Consumer weight (replicas or near-replicas detection), clear the collection of pages collected by the mirror or reproduce the process of Web page.
Protocol (protocol), developed for the realization of communication and coordination of the various functional units can operate a set of rules.
Information retrieval (information retrieval, IR), the information is organized according to some, and stored, and the user's need to find the information process.
Information Retrieval (IR model), according to user queries, the document collection to sort a set of related assumptions and algorithms. IR model can be expressed as the form of a four-tuple <D, Q, F, R (qi, dj)>, where D is a
A document collection, Q is a query set, F is the document and query modeling framework, R (qi, dj) is a sorting function, which to query qi, and the correlation between the document dj is given a ranking value. Commonly used information retrieval model are: set theory models, algebraic models, probability models.
User query log (user query log), is presented in the user when the query is automatically recorded by the system information, which includes the user query submitted to the key words, submit time, user IP addresses, page numbers (usually the query results page shows , 10 search results per page, the user first query page number to 1, the user shall flip page number when the user selects the results page), and whether other information in the cache hit.
User clicks on the log (user hit log), a user browsing query results and click on a page by the system automatically records the relevant information, it usually includes the time a user clicks on the page, click on the page URL, the user IP address, click the page number ( The page position in the query results), the click on the corresponding query words and other information.

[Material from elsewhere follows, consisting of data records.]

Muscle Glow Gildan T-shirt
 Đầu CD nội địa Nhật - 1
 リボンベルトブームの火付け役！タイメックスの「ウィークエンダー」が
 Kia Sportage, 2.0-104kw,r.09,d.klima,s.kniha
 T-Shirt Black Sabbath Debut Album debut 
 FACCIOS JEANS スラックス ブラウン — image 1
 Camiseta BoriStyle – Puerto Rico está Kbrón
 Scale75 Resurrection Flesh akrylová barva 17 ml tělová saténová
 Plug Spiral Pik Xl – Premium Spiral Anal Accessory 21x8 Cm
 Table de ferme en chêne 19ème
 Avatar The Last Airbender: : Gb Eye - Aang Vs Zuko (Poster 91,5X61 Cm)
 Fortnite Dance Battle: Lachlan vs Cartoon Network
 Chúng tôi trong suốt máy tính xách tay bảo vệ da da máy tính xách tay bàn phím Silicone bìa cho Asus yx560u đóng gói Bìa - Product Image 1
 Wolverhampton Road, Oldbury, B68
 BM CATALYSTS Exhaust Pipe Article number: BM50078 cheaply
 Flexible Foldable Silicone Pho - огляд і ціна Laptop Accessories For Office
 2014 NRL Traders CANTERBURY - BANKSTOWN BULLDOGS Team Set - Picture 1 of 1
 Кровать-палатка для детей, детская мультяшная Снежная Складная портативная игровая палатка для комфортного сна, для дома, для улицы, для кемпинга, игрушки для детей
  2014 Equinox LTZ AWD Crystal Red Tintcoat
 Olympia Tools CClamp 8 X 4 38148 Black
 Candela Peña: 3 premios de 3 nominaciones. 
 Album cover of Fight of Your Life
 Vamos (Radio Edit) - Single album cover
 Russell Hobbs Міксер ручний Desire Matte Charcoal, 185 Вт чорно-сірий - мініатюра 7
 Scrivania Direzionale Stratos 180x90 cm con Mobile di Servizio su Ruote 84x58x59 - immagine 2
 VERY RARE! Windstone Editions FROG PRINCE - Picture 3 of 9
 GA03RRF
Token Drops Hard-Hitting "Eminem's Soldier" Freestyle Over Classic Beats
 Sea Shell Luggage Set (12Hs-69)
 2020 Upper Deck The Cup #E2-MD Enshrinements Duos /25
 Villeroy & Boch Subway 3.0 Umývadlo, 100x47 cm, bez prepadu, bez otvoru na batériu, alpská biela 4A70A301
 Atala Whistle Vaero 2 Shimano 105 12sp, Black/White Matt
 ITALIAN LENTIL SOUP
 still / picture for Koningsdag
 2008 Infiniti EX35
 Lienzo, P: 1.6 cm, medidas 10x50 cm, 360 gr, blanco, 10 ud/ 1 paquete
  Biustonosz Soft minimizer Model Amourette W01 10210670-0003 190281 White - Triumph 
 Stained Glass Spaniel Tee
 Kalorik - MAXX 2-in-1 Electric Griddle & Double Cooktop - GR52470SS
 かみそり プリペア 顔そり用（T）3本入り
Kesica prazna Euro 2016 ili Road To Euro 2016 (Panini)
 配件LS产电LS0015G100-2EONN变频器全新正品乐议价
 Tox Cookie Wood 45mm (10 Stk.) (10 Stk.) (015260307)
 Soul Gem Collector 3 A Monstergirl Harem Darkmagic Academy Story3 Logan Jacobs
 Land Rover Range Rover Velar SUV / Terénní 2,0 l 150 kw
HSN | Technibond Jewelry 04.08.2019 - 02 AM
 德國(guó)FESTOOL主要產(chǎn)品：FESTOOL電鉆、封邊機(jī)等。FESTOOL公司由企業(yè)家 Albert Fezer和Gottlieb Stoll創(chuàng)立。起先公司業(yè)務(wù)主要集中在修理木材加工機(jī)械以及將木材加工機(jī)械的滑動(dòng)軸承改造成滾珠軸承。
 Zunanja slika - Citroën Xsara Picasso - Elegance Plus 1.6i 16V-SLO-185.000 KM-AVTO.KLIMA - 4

Metadata (meta data), describe a type of resource (or object) of the property, and location and management of such resources, while helping to data retrieval of data.
Meta search engine (meta search engine), also known as integrated search engine, it will send the user's query to multiple independent search engine, to collect their result, according to some algorithm and then select and re-sorted to form a final The results returned to the user.
Chinese Information Processing (Chinese information processing), using computers to Chinese pronunciation, form, meaning of information such as language processing and operations, including characters, words, phrases, sentences, text input, output, recognition, conversion, compression , storage, retrieval, analysis, understanding and generation of various aspects of process technology.
Theme collection (topic-specific/focused crawling), that is subject-oriented information-gathering system, its main task is to utilize the limited network bandwidth, storage capacity and less time crawling the content as much as possible and closely related topics website.
Reprinted website (near-replicas Web page), the contents of the same but there may be some additional editorial information. Although the Web to do some changes, but its subject matter has not changed; that remove noise pages (such as advertising, copyright and other information), other body of the same content. Reprinted also known as the approximate mirror web pages.
The lowest frequency used (least frequently used, LFU), maintenance of the contents of a data cache replacement policy, when the cache is full, and there is new data to come in, it is always out of the existing data in the frequency of the lowest in the past to use the data. Granularity of data can replace the applications to determine.
Least recently used (least recently used, LRU), maintenance of the contents of a data cache replacement policy, when the cache is full, and there is new data to come in, it is always out of the existing data in the most time in the past has not been used through the data.